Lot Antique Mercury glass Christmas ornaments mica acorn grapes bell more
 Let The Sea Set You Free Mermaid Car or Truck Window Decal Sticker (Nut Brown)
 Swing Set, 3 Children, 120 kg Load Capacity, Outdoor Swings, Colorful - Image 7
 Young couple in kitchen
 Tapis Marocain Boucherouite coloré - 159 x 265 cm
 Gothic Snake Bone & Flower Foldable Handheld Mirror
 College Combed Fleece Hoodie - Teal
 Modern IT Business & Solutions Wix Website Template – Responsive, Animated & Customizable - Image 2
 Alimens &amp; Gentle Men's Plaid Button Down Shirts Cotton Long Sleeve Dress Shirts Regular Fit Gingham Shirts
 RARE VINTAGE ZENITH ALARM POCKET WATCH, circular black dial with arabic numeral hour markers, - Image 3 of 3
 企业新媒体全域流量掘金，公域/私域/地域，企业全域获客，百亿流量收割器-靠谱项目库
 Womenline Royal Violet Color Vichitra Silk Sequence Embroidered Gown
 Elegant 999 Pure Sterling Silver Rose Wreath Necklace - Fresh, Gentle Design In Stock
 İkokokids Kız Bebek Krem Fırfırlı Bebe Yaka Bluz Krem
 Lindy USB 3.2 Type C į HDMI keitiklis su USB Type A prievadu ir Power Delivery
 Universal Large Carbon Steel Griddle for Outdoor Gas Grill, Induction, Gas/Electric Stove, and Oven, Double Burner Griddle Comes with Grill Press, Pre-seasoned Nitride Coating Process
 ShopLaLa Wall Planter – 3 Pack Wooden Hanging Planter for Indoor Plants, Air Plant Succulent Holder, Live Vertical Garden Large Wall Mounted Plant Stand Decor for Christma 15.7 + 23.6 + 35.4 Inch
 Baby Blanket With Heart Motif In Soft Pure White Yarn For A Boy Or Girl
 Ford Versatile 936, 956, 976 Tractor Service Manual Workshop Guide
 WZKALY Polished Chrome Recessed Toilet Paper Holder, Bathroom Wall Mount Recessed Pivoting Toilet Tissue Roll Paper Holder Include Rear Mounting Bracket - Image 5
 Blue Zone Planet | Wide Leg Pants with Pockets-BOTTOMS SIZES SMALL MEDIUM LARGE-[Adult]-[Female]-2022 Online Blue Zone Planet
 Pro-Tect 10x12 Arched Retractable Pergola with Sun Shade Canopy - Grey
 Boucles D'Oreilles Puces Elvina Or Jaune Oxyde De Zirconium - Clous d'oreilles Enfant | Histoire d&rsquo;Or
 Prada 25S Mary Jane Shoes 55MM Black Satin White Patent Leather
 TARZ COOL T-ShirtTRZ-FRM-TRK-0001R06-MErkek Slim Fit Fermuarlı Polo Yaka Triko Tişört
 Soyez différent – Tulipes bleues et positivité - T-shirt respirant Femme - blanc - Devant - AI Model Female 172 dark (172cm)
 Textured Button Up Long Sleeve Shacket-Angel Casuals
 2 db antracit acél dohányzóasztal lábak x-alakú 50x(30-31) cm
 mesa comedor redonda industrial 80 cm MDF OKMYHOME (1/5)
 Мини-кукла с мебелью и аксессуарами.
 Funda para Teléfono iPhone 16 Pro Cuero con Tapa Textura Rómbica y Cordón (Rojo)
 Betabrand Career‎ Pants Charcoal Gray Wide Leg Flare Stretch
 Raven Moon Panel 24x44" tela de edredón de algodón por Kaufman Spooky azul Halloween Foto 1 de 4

*****

> **ACTION ITEM**
Quote the data above verbatim from its first line to the line that includes "Modern IT Business", with both boundary lines retained.

> **OUTPUT FOR THIS EXERCISE**
Lot Antique Mercury glass Christmas ornaments mica acorn grapes bell more
 Let The Sea Set You Free Mermaid Car or Truck Window Decal Sticker (Nut Brown)
 Swing Set, 3 Children, 120 kg Load Capacity, Outdoor Swings, Colorful - Image 7
 Young couple in kitchen
 Tapis Marocain Boucherouite coloré - 159 x 265 cm
 Gothic Snake Bone & Flower Foldable Handheld Mirror
 College Combed Fleece Hoodie - Teal
 Modern IT Business & Solutions Wix Website Template – Responsive, Animated & Customizable - Image 2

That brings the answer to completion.